Conversations with Friends
I love that TikTok can provide the most unexpectedly profound nuggets. It can be such a chaotic experience to scroll and ride the coaster, but I can’t deny that I learn something new with every ~ sesh. ~
One of my recent favorites was a woman breaking down Conversation Styles, and I’ve been reflecting on it ever since. I love how the precise language brings clarity to an abstract part of our day-to-day.
This system outlined 3 areas to assess, when reflecting on the way we converse with one another:
1. Sharing Information
Volunteers share information openly and freely, and expect that others will do the same in conversation.
Invite-Onlys share information when invited to do so, and invite others to do so in return.
2. Meeting Needs
Askers pose the questions they want to, regardless of other people’s feelings or the outcome.

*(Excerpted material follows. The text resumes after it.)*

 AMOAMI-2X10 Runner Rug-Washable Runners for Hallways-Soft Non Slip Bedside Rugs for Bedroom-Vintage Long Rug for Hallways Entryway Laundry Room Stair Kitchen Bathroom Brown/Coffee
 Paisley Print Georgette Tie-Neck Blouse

They expect that the recipient will answer honestly, and do the same in return.
Guessers only ask the question if they think the other person will feel comfortable and is likely to respond how they’re hoping.
3. Conversation Flow
Builders add their own thoughts and experiences into conversation, expecting that others will do the same.

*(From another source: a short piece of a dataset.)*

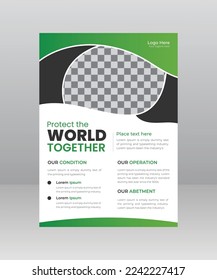 Save Green World Environment Flyer Poster template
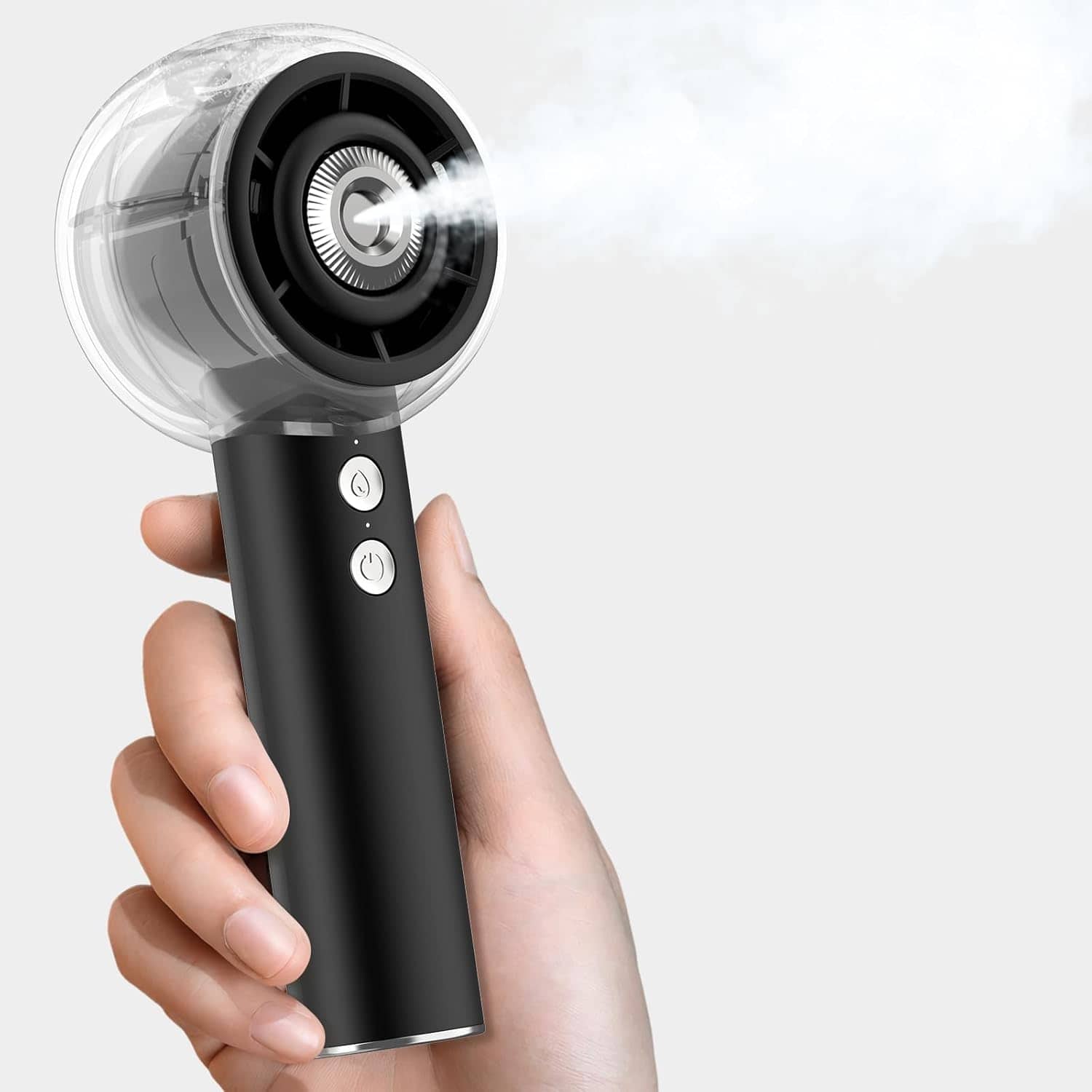 Anysun - Misting Handheld Portable Fan with 4 Strong Wind, 6000mAh Rechargeable Powerful, Mini Small Hand & Pocket Fan - Black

Maintainers encourage the speaker to continue sharing on a topic, asking questions to continue speakers on their path.
I love this articulation and breakdown, and definitely believe that having a balance of all is key. Family dynamics and conditioning definitely influence the way we communicate, and the styles really change depending on who you’re talking to.

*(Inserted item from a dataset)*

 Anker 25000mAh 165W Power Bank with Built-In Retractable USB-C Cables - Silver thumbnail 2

It feels like Volunteers, Askers, and Builders are more direct styles, whereas Inquiry-Only, Guessers, and Maintainers are leaning into consideration. And, I think these two sides can be at odds a bit — finding the opposite draining.
Ultimately I identify as a Volunteer; I love sparking conversation and feel comfortable being an open book. If I get the sense that a person is Invite-Only, it can feel more unnatural to me.
I am striving to be more of an Asker! And really respect people who are. I absolutely tend to operate as a Guesser; doing legwork to think about how a person will react before posing a question. But, as I’ve grown and shed some Millenial people-pleasing, I realize that Guessing can stunt us from getting what we really want. And it’s important as a recipient to answer authentically, rather than assuming anything behind the inquiry.
I’m definitely a Builder. 🤭 And I apologize to the Maintainers I have offended over the years! I also laugh thinking about my fellow Builders and how our conversations feel. We stay buildin’ and buildin’… 😅 almost like our own conversations are happening separately, until we both resolve our respective thought-processes.
I love breaking down these styles and perspectives to help clarify different levels of comfortability and expectations with conversations. And it’s a super interesting tool to bring to loved ones!